TST valida legalidade de greve nos Correios, mas determina desconto de dias parados

    Categoria está parada desde o último dia 16 de dezembro

    Foto: Reprodução/ Correios

    O Tribunal Superior do Trabalho (TST) decidiu, nesta terça-feira (30), que a greve dos funcionários dos Correios — iniciada em 16 de dezembro — não possui caráter abusivo. A decisão, relatada pela ministra Kátia Magalhães Arruda e referendada pela Seção Especializada de Dissídios Coletivos (SDC), assegura a manutenção das cláusulas do acordo coletivo anterior e estabelece um reajuste salarial de 5,10%, índice que repõe a inflação acumulada até a data-base da categoria.

    Apesar do reconhecimento da legalidade do movimento, a Corte autorizou a estatal a realizar o desconto dos dias não trabalhados. Para atenuar o impacto financeiro aos empregados, o abatimento deverá ser parcelado em três vezes nas folhas de pagamento subsequentes.

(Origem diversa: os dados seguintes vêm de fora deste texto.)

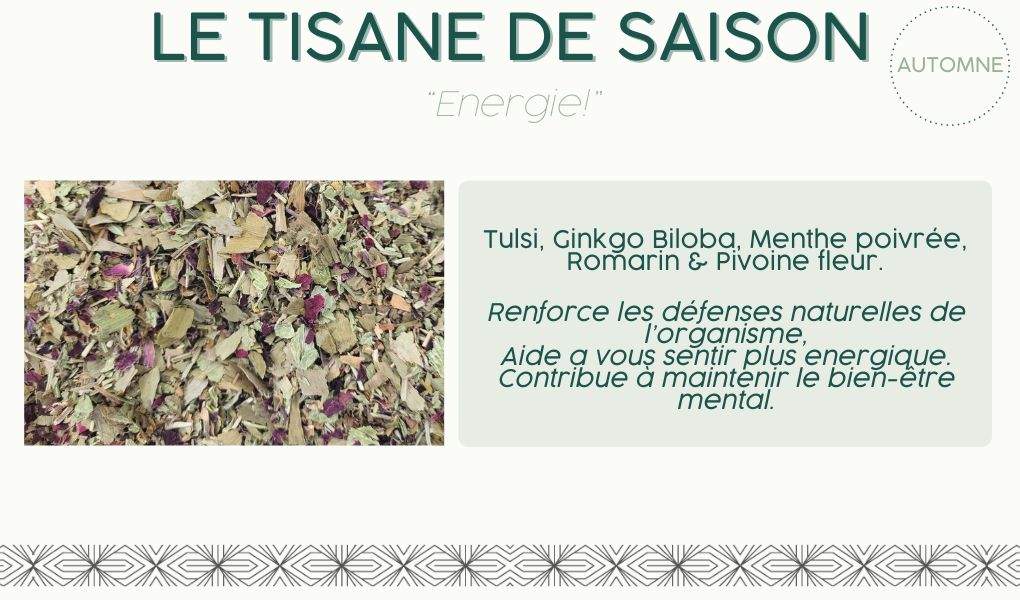 Herboristerie le produit du mois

    Com a conclusão do julgamento do dissídio, a categoria deve retomar as atividades de forma integral nesta quarta-feira (31), encerrando a mobilização que se concentrava em nove estados, incluindo polos como São Paulo, Rio de Janeiro e Minas Gerais.

    A resolução do conflito trabalhista ocorre em um contexto de crise estrutural na companhia. Simultaneamente às negociações, os Correios enfrentam déficits bilionários e anunciaram medidas severas de contenção, que incluem o fechamento de até 6 mil agências e o desligamento de cerca de 15 mil colaboradores. Para viabilizar a continuidade das operações, a estatal estuda captar um aporte de R$ 12 bilhões por meio de linhas de crédito junto a instituições bancárias.